» **PROVIDED RECORDS**:
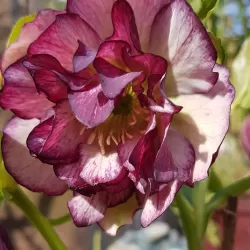 Čėras - Helleborus Double Ellen® PICOTEE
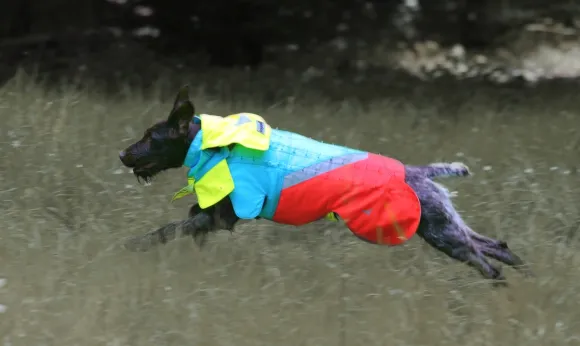 Mikael Tham Tuskproof Wolf v.5 koiran suojaliivi, sininen, L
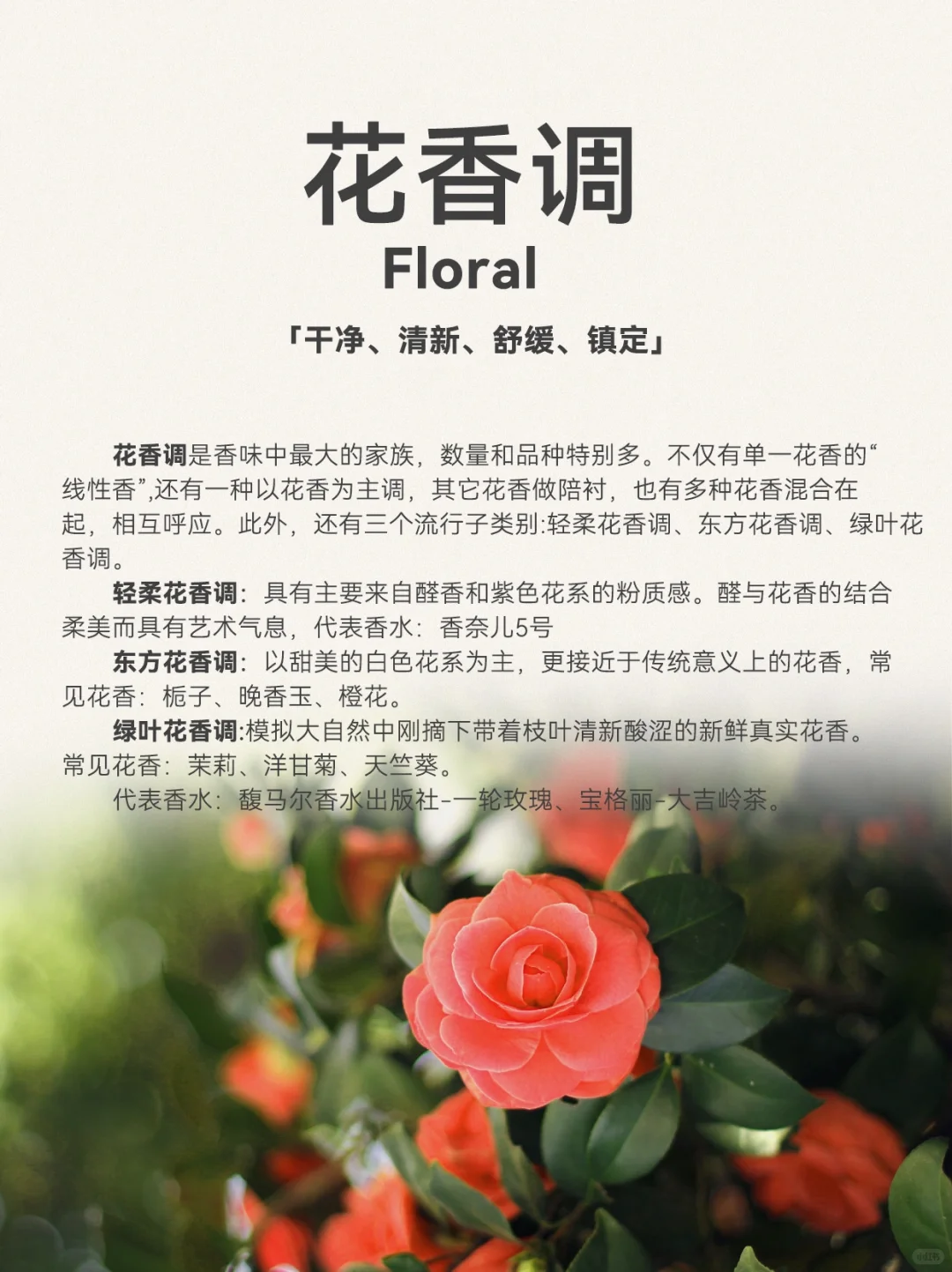 超详细香水12调,发现你的本命香 ❗️❗️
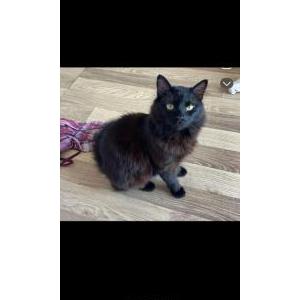 Lost Cat vicky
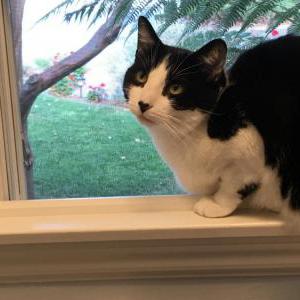 Lost Cat Rosie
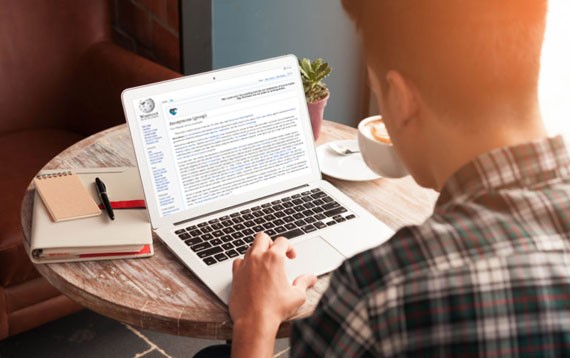 Essay writing in english picture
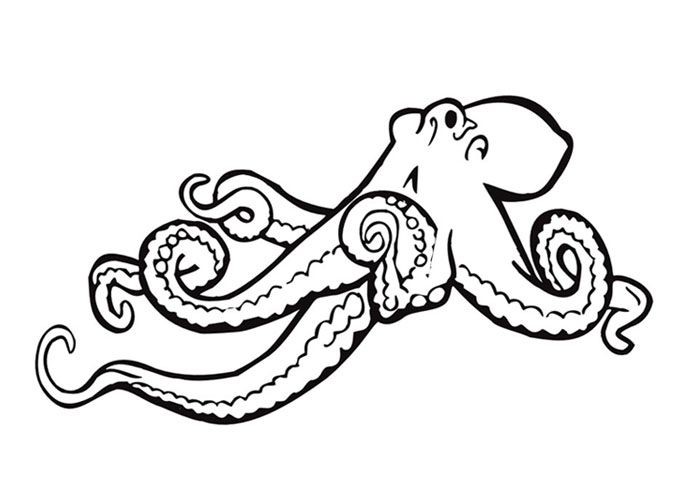 700x500 28 Octopus Coloring Page Printable Free Coloring Pages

» **INSTRUCTIONS FOR THE TASK**: Give the data above again in full and unchanged, skipping the pictures.

» **RESULT OF THE TASK**:
 Čėras - Helleborus Double Ellen® PICOTEE
 Mikael Tham Tuskproof Wolf v.5 koiran suojaliivi, sininen, L
 超详细香水12调,发现你的本命香 ❗️❗️
 Lost Cat vicky
 Lost Cat Rosie
 Essay writing in english picture
 700x500 28 Octopus Coloring Page Printable Free Coloring Pages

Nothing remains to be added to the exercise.